It was a warm spring day as we pulled off of a two-lane highway and onto a muddy road that led to the base of a Colorado mountain. We had left Denver and driven over Loveland Pass down into Dillon and then over Vail Pass to what used to be a lettuce farm. There we met up with Pete Siebert and Earl Eaton to share a ride in their small tracked vehicle to the top of their mountain and get my first view of what they would call the Back Bowls.
A very ambitious program had been launched to build another destination resort in the Colorado Rockies and this would be called Vail. I had been invited to come back after the summer construction season and point my cameras at this resort during its startup period.

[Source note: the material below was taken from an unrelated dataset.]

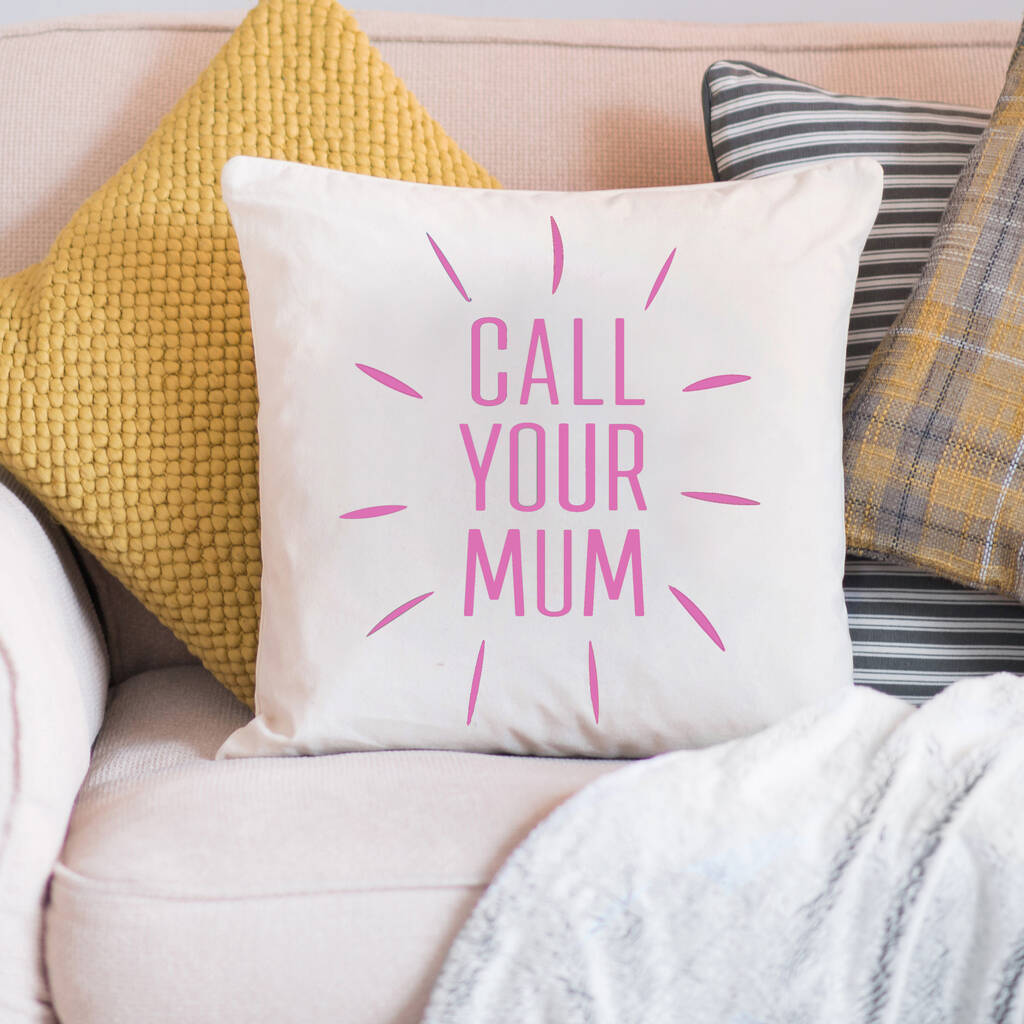 personalised-call-your-mum-cushion-by-the-letteroom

The shots I managed to get in those now-famous Back Bowls with only two or three skiers and me back there became legendary. Everyone who lived in or near Vail at that time was so busy I had to have skiers drive over every day from Aspen to enjoy the powder. Bob Smith, who was yet to invent his famous goggles, and Starr Walton from Donner Summit carved out some wonderful tracks. The town consisted of Bridge Street and a gondola building, a lodge and a restaurant. I think it had just 42 rooms. Seven months later, when I showed the first movies of Vail in my narration, I said, “Get out here and buy some of this land because they are not going to make any more of it.” Several of the people in my audience made the trip, bought property, started a business and lived out the rest of their lives in Vail.
Some of our friends who we knew from Vail have recently been skiing with us in Montana and it was great to reminisce about those good old days. They have lived their entire adult lives in the Vail Valley and their parents are still upset with them because they left the city after college and found freedom in the mountains on a pair of skis.

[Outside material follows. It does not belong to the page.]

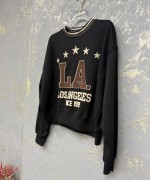 LA LOS ANGELES 1991 YAZILI SWEAT Siyah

And here we are after more than 50 years of all of these people still being called “ski bums” by their friends who stayed in the city and were afraid to move to the mountains because of their parents.
One friend moved there to paint houses. But in the early days there were not enough houses to paint so he started selling real estate and found it was easy to sell from the seat of a chair lift. He became a very wealthy man and followed his ski tips from one real estate deal to the next.
To help build Vail they were selling vacant lots adjacent to the lodge for $10,000 and they threw in two lifetime ski lift passes. Crowds have continued to grow since that epic day the first winter when they sold eight lift tickets.
Now skiers come to Vail from all over the world. They come to enjoy the end result of a lot of pioneers who carved out this Vail Valley into a long thin group of cities that cling to the lifeline that is I-70. Most of them contribute to the payroll for the thousands of people who work for Vail Associates or have chosen to build their own businesses between powder snow days in the winter and trout fishing and mountain biking days in the summer.
If it was not for Pete Siebert, Bob Parker and Earl Eaton and all of those other pioneers who created so many other great ski resorts, the residents and workers would be in a commuting line in front of you every morning in some nameless city somewhere where the flat earth society lives and prospers without freedom year in and year out.
What are you going to do with the rest of your life?